What you are asked to do – Please make sure what you return matches the listing below exactly, minus its pictures.

Data –
# # # # # # #
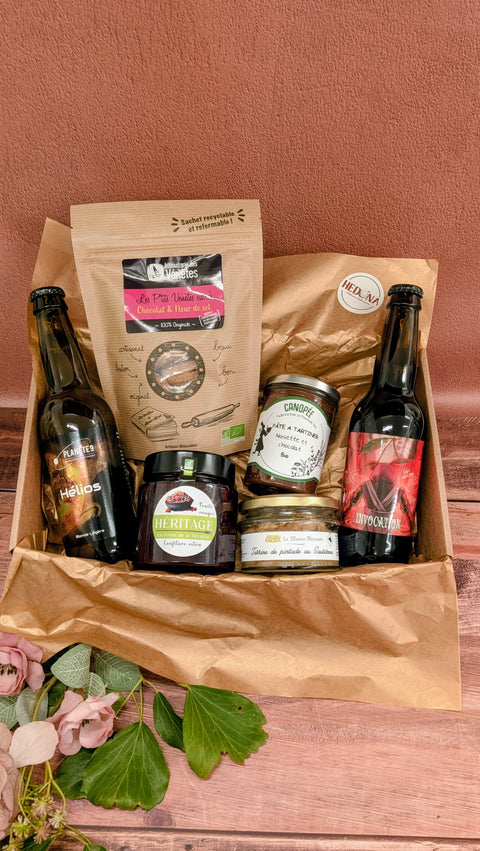 Panier gourmand Hedona composé de produits locaux et artisanaux, commerce de proximité à Trangé près du Mans.
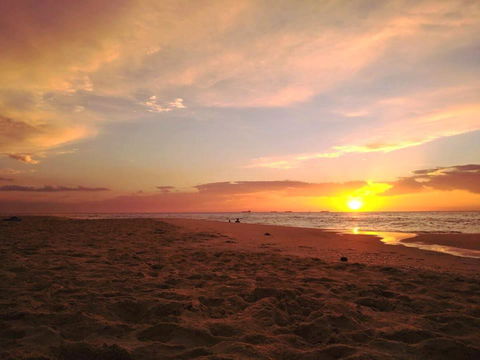 Ocean Beach Backpackers - Accommodation Brisbane 1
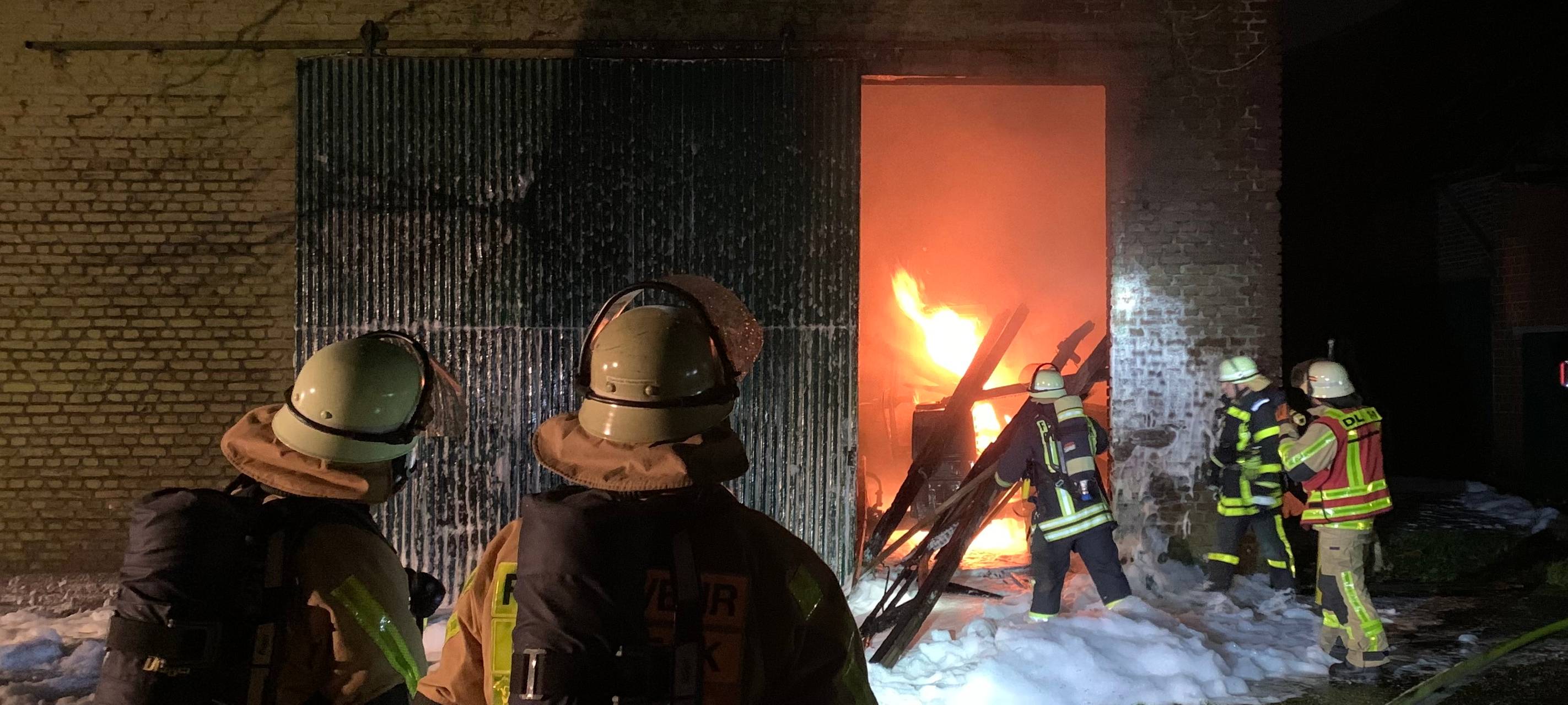 Scheune in Gladbeck brennt – B 224 Richtung Essen gesperrt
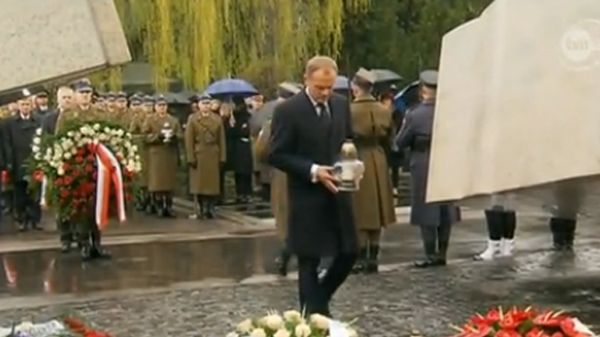 Donald Tusk oddał hołd ofiarom katastrofy smoleńskiej na Powązkach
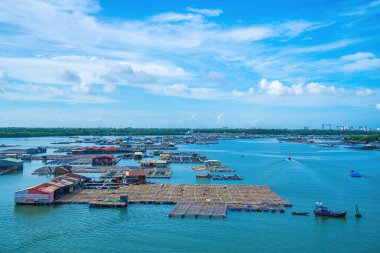 İstiridye çiftliğinin bir köşesi, Long Son komünü, Ba Ria Vung Tau vilayetinde yüzen balıkçı köyü Vietnam. Yüzen köyde yaşayan ve balık besleyen insanlar..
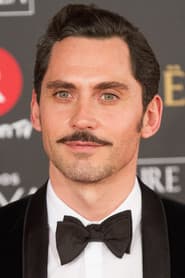 Paco León as Hombre entierro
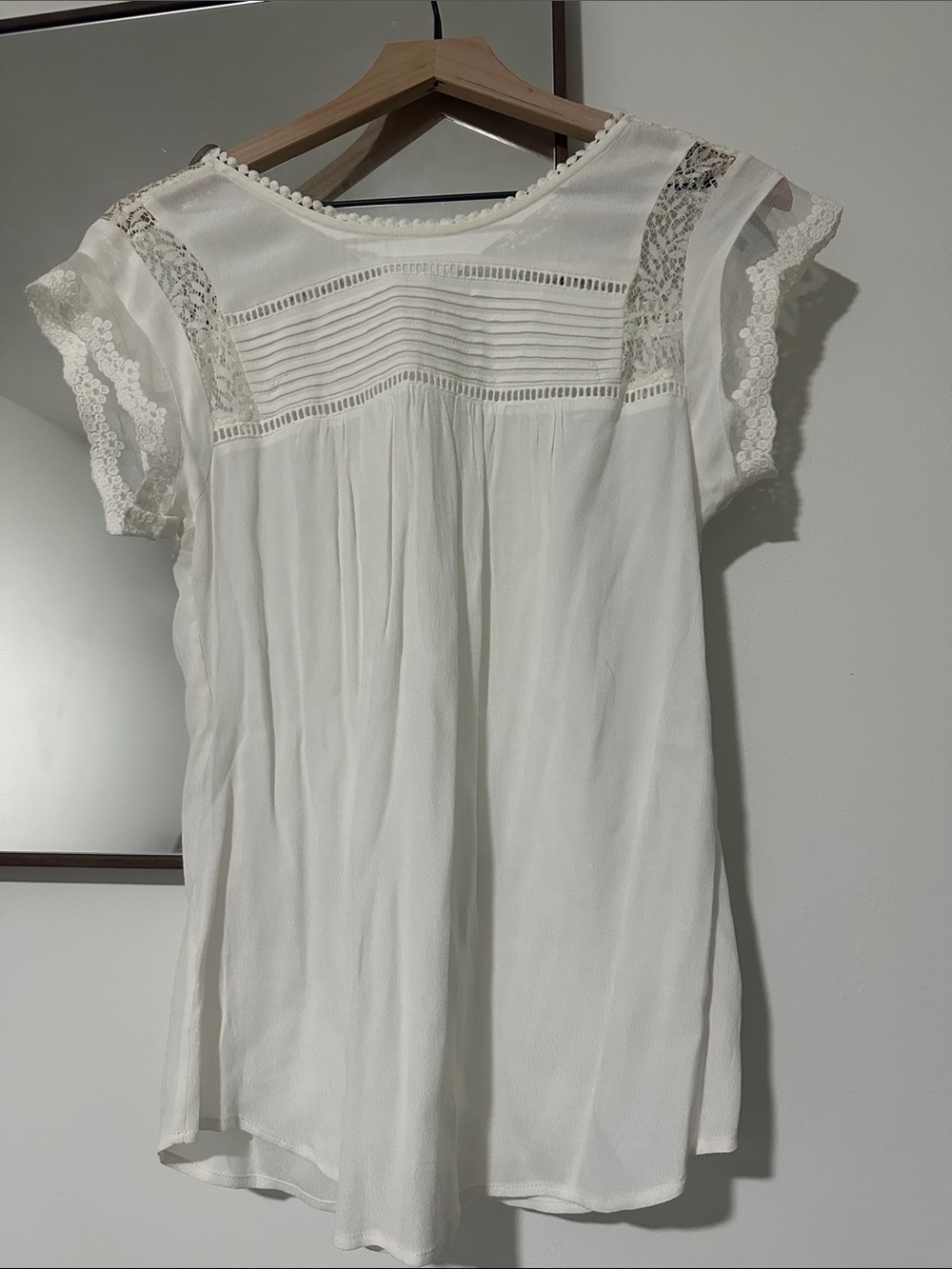 Daniel Rainn Women's White Lace Trim Short Sleeve Blouse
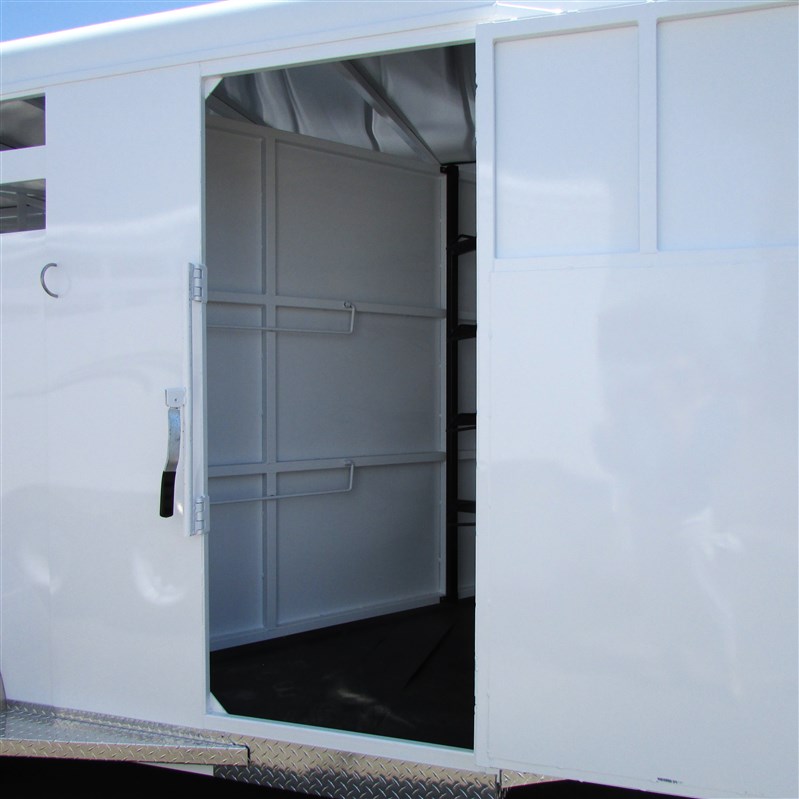 Trailer Photo 11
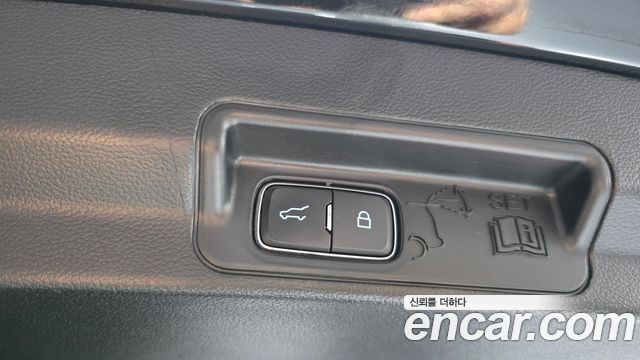 Ford Explorer 2022 — photo 27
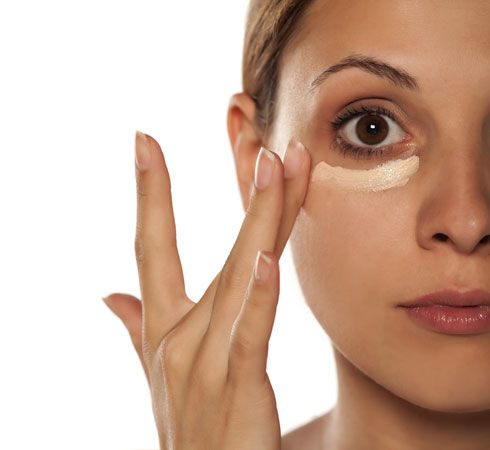 Festive Eye Makeup Using Green Eyeliners - 3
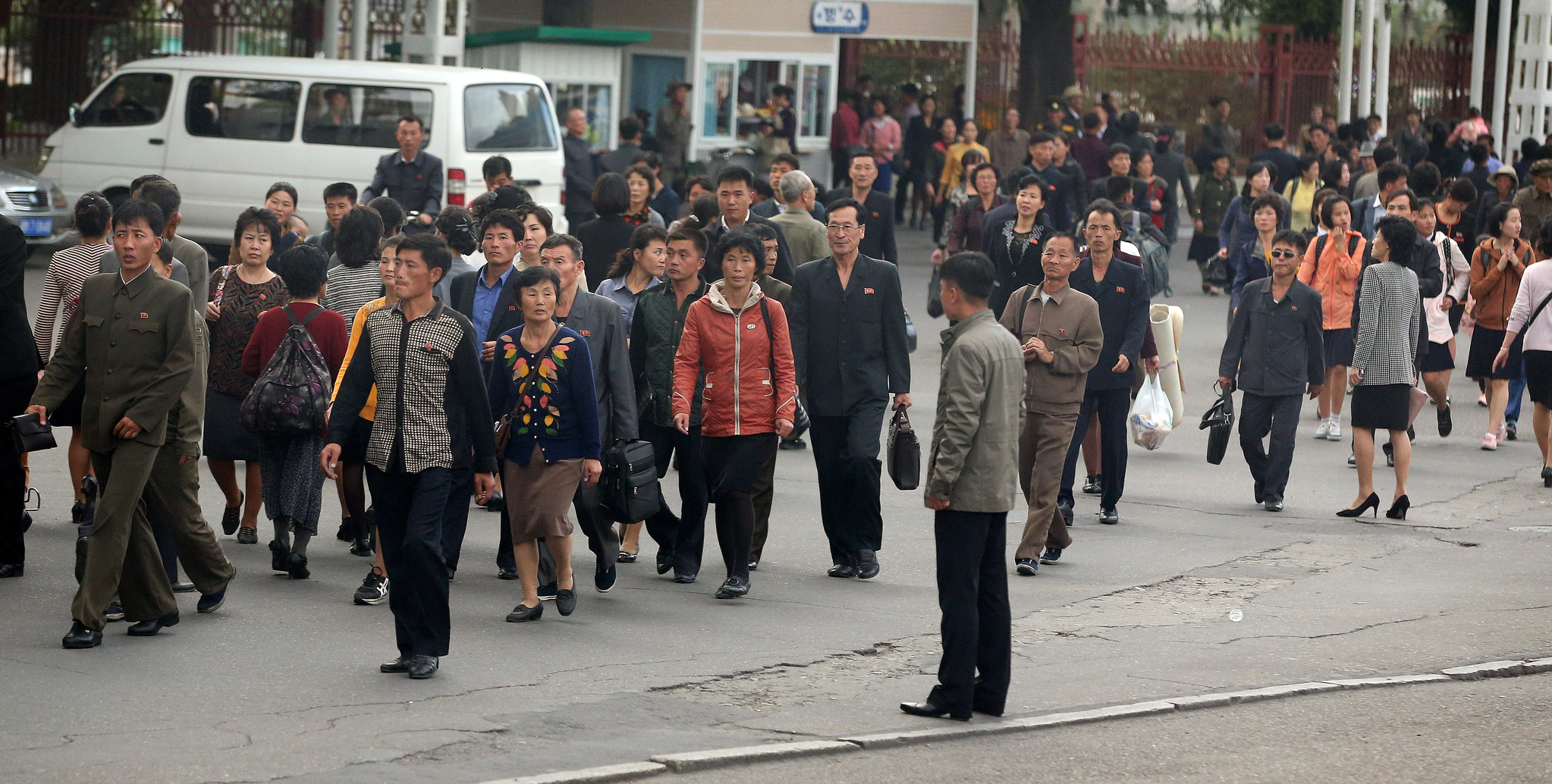 지난 6일 평양 시민들이 평양역 앞을 지나고 있다. 평양사진공동취재단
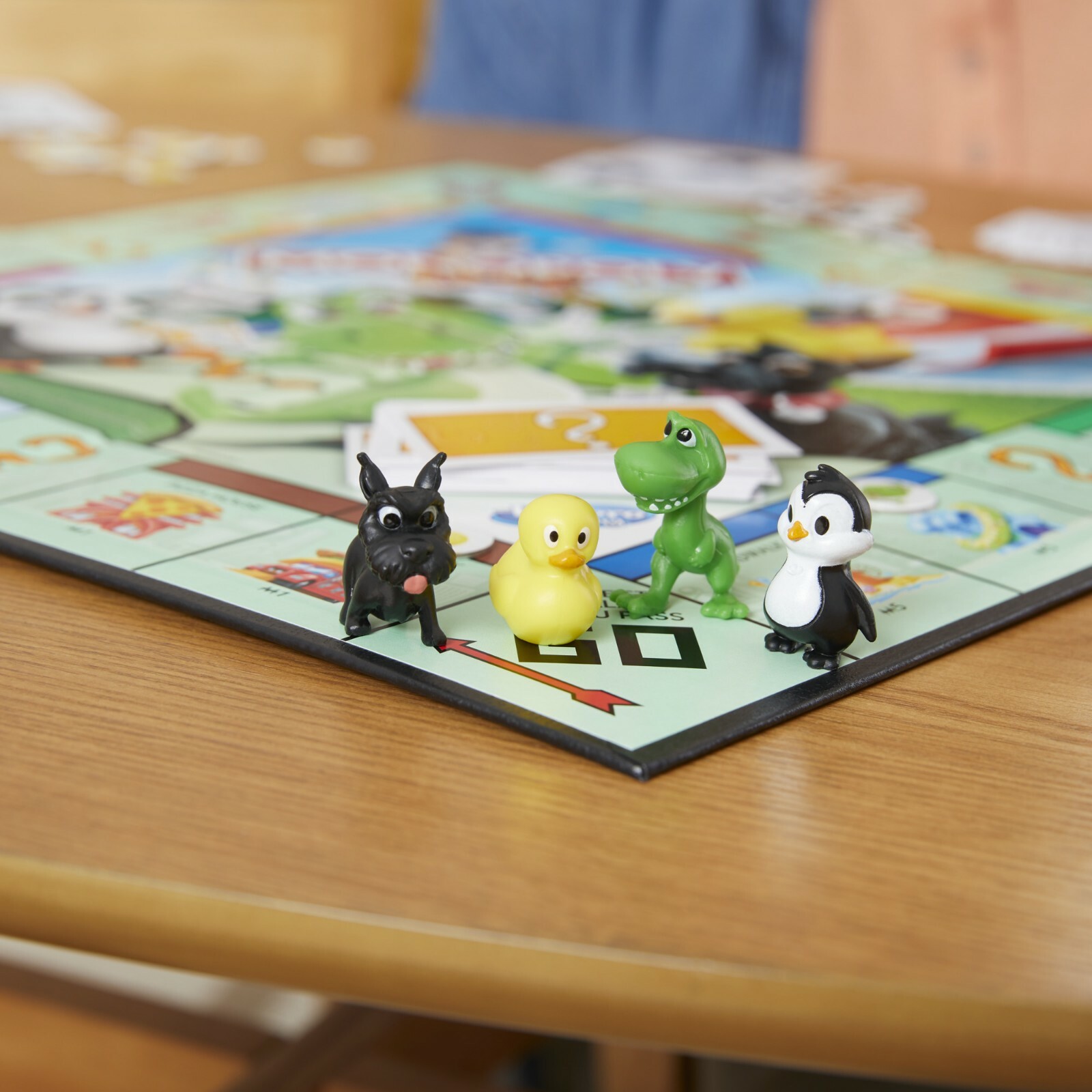 Monopoly Junior Game for 2 to 4 Players, Board Game for Kids Ages 5 and Up New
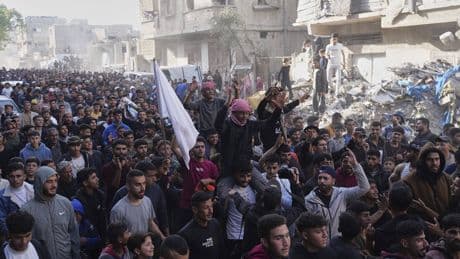 A Gaza, les Palestiniens, à bout de nerfs, retournent leur colère contre le Hamas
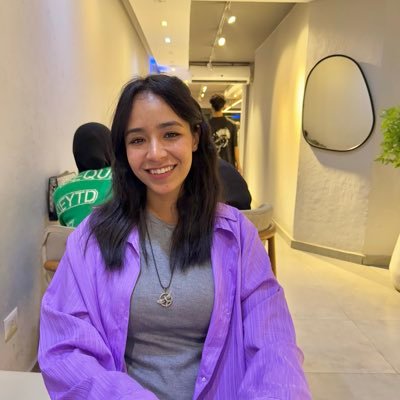 plasticacherie's profile picture. 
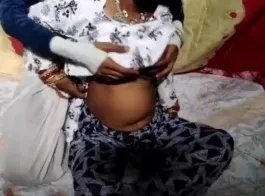 देसी सेक्स में ससुर ने दामाद की बेटी को चोदा - नया वीडियो
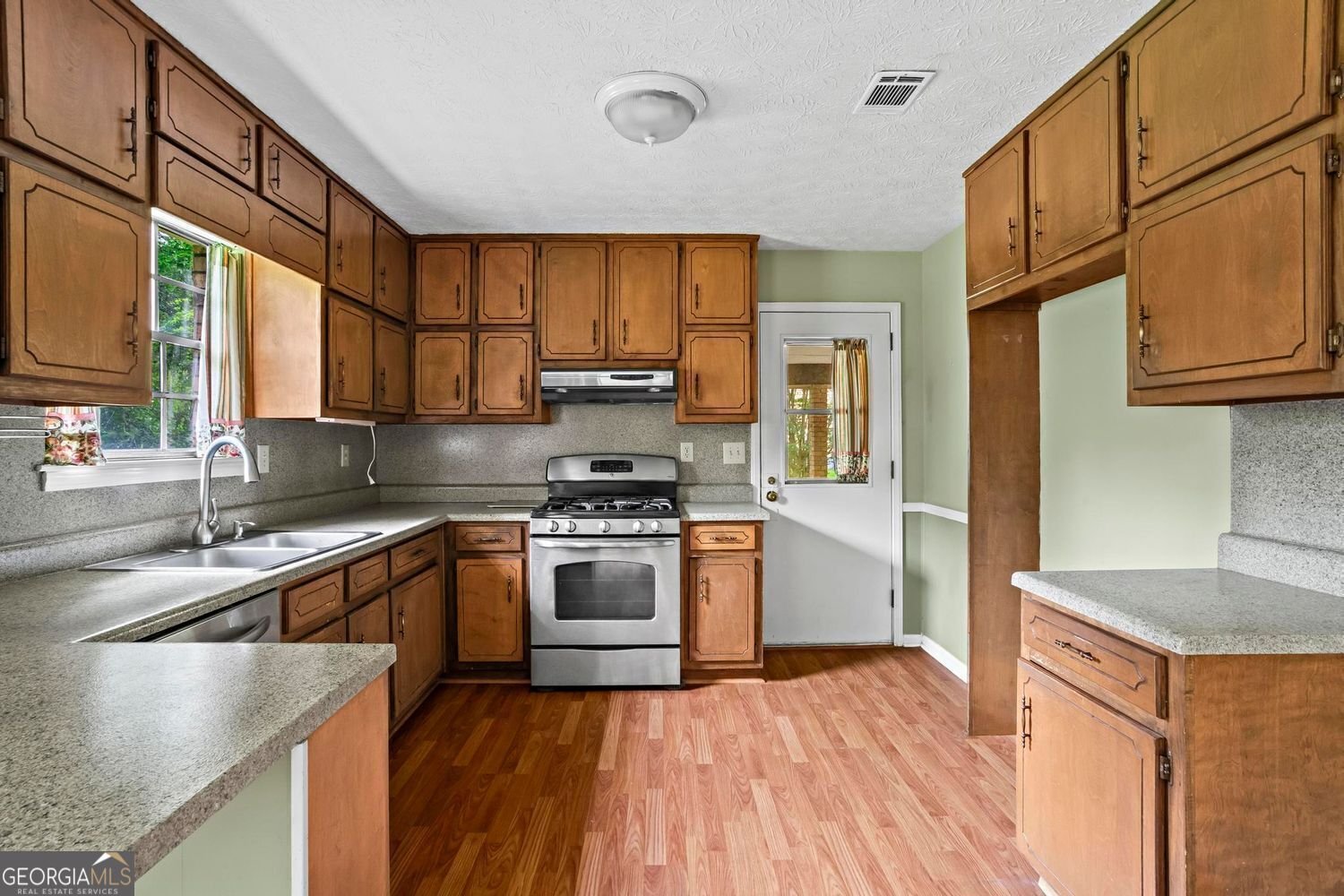 140 Carriage Circle Stockbridge - 8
# # # # # # #
Exercise solution –
 Panier gourmand Hedona composé de produits locaux et artisanaux, commerce de proximité à Trangé près du Mans.
 Ocean Beach Backpackers - Accommodation Brisbane 1
 Scheune in Gladbeck brennt – B 224 Richtung Essen gesperrt
 Donald Tusk oddał hołd ofiarom katastrofy smoleńskiej na Powązkach
 İstiridye çiftliğinin bir köşesi, Long Son komünü, Ba Ria Vung Tau vilayetinde yüzen balıkçı köyü Vietnam. Yüzen köyde yaşayan ve balık besleyen insanlar..
 Paco León as Hombre entierro
 Daniel Rainn Women's White Lace Trim Short Sleeve Blouse
 Trailer Photo 11
 Ford Explorer 2022 — photo 27
 Festive Eye Makeup Using Green Eyeliners - 3
 지난 6일 평양 시민들이 평양역 앞을 지나고 있다. 평양사진공동취재단
 Monopoly Junior Game for 2 to 4 Players, Board Game for Kids Ages 5 and Up New
 A Gaza, les Palestiniens, à bout de nerfs, retournent leur colère contre le Hamas
 plasticacherie's profile picture. 
 देसी सेक्स में ससुर ने दामाद की बेटी को चोदा - नया वीडियो
 140 Carriage Circle Stockbridge - 8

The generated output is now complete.